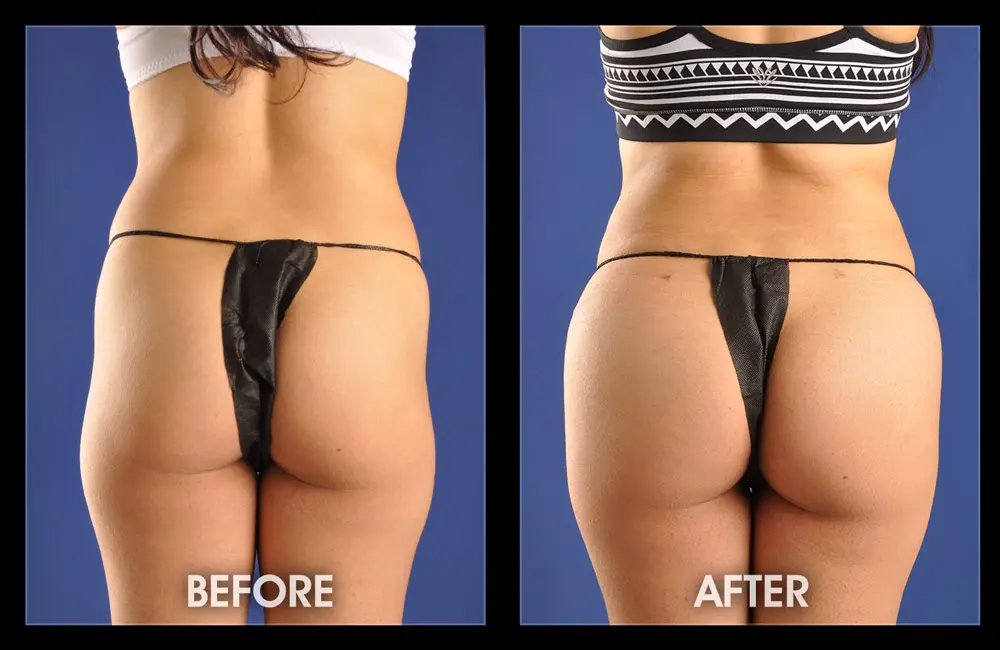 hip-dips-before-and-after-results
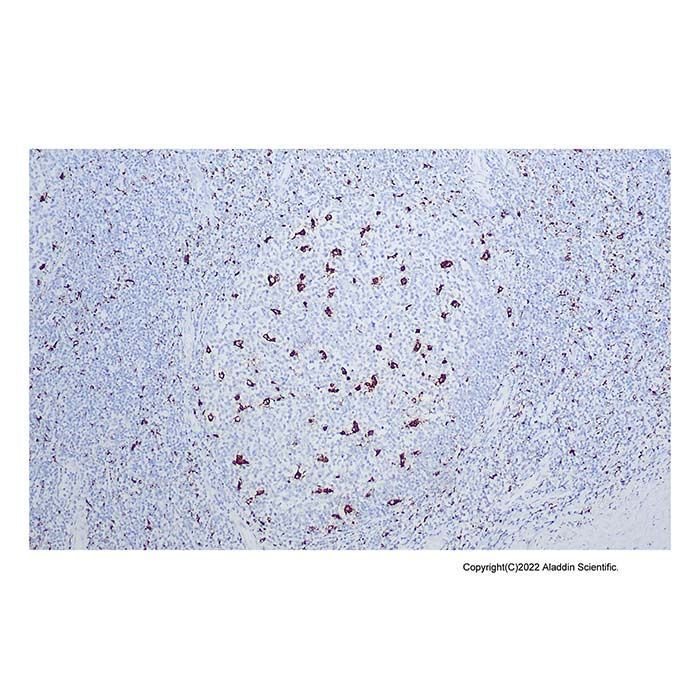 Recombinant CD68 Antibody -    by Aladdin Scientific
────
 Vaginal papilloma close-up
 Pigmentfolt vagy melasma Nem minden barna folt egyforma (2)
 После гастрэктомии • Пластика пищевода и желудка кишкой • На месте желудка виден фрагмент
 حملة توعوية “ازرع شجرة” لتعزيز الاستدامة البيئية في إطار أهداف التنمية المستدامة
────
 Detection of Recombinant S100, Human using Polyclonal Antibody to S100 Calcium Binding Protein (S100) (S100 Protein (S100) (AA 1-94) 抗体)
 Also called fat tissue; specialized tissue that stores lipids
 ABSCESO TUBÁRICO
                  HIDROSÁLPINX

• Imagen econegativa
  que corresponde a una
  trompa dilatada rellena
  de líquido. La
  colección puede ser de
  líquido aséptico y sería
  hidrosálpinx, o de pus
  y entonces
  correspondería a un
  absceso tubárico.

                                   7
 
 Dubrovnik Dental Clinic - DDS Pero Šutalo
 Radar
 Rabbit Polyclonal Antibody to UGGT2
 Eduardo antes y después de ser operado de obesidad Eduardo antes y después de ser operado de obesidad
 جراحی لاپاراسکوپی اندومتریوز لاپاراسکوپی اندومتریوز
────
What the task asks -
Reproduce exactly the lines above from the line with "Rabbit Polyclonal Antibody to UGGT2" to the line with "جراحی لاپاراسکوپی اندومتریوز", including both, and add nothing.

Answer to this exercise -
 Rabbit Polyclonal Antibody to UGGT2
 Eduardo antes y después de ser operado de obesidad Eduardo antes y después de ser operado de obesidad
 جراحی لاپاراسکوپی اندومتریوز لاپاراسکوپی اندومتریوز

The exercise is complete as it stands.